There is a growing interest in devops tools, such as Docker, Puppet / Ansible / Puppet / Chef to set up continuous integration, have the same working environment during development, testing, staging and production, and to manage thousands of servers in the cloud. However, I recently thought that some of these technologies could have a real interest as well for a few machines, for personal workstations. These are just some scenarios and use cases that happened to me, I did not test all of them and they may be irrelevant, feel free to let me know :)
Scenario 1: I want a particular dev environment, without breaking everything
First scenario is the most widely discussed around the web: I want my dev environment to be identical to production, but I do not want to break my system (python 2 vs 3, ruby stuff, …). For this purpose, one can use containers (e.g. Docker). I will not elaborate much on this one.
Scenario 2: I use many different operating systems
Note: I did not tried this scenario.
If you use many different operating systems on the same machine (say Windows and Linux for instance), then why not considering using virtualization? And not some palliative stuff like Virtualbox, but real hypervisors such as KVM or Xen. These are widely used on servers to run multiple VMs, but why not using them at home, on your personal computer?
CPUs today have a lot of virtualization-specific technologies, even on your workstation, and they are powerful enough to handle it. You will benefit from many advantages, starting from easy maintenance of your system (as it is just a VM, it is easier to backup / restore, isolate etc) and things like hot-switching between operating systems.

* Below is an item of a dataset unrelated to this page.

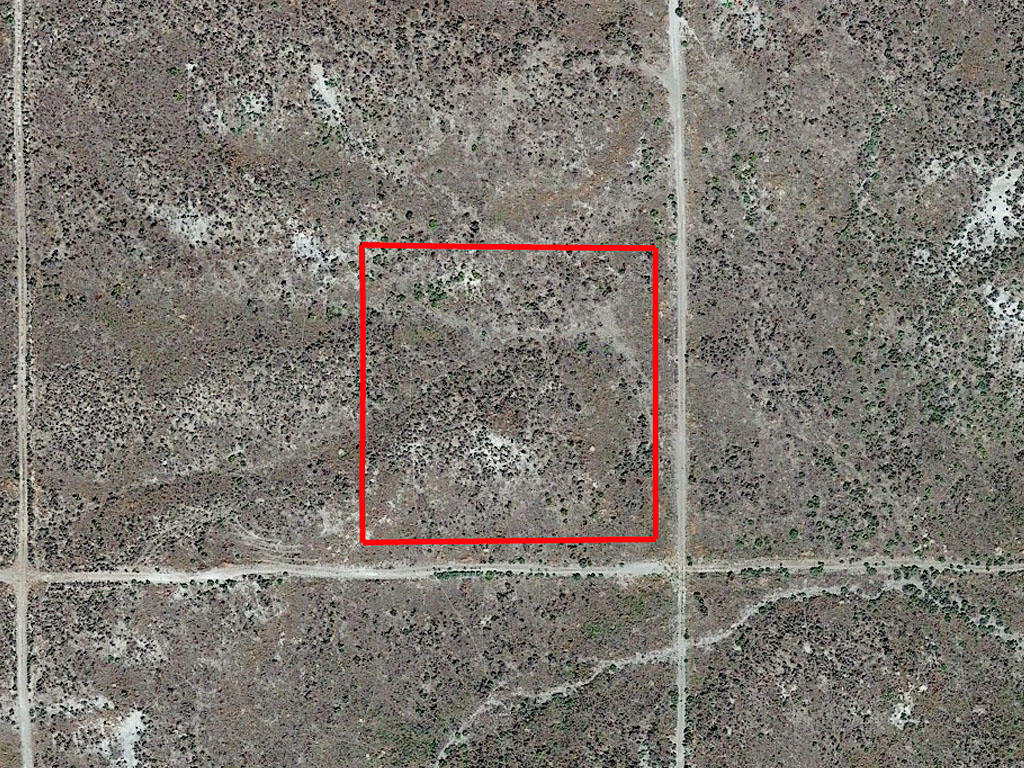 Over 2 acres in the peaks of Nevada - Image 1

One problem may be left: handling the graphics card, which may not be easily shared by multiple VMs.
Scenario 3: You want easy backup mechanism
On important point I previously discussed is the ability to recover from any problem, hardware fault for example. It is important on a server, as downtime is a real problem, especially if you have few servers, but it is also a major concern on workstation. Especially as your laptop may fail at anytime: it can experience basic hardware failure, it may fall and break, it may be stolen…

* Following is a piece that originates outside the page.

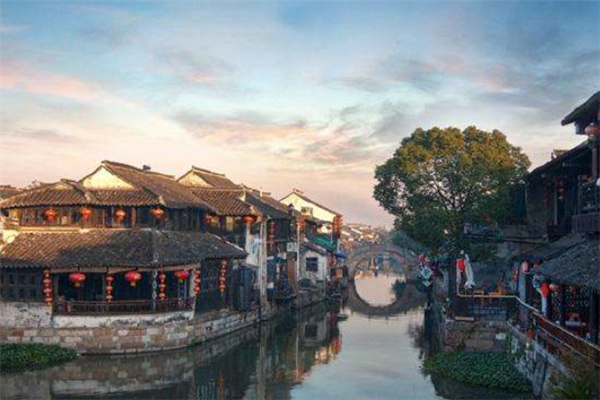 嘉兴十大风景名胜排行榜：回头潮上榜，钱塘江大潮是特色插图2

Then, it is important to be able to recover a fully working system fast. One often talk about data backup, and this is indeed the most important as you cannot recover lost data contrary to a lost configuration (set of packages, state of configuration files, …). But this is not all. Reinstalling a system is a time-consuming task, and it is not really interesting.
Devops have came up with tools to deploy a given configuration on many servers, across the cloud. Those are Ansible, Puppet, Chef, Salt and so on. So, why not using them to deploy your computer configuration? If correctly managed, installing your laptop could be as easy as: partitioning the drive, bootstrapping the system (install base packages and set up an SSH access) and running Ansible (which is the most basic and fitted to this particular need) to reinstall everything else. Almost everything would be done automatically, perfect!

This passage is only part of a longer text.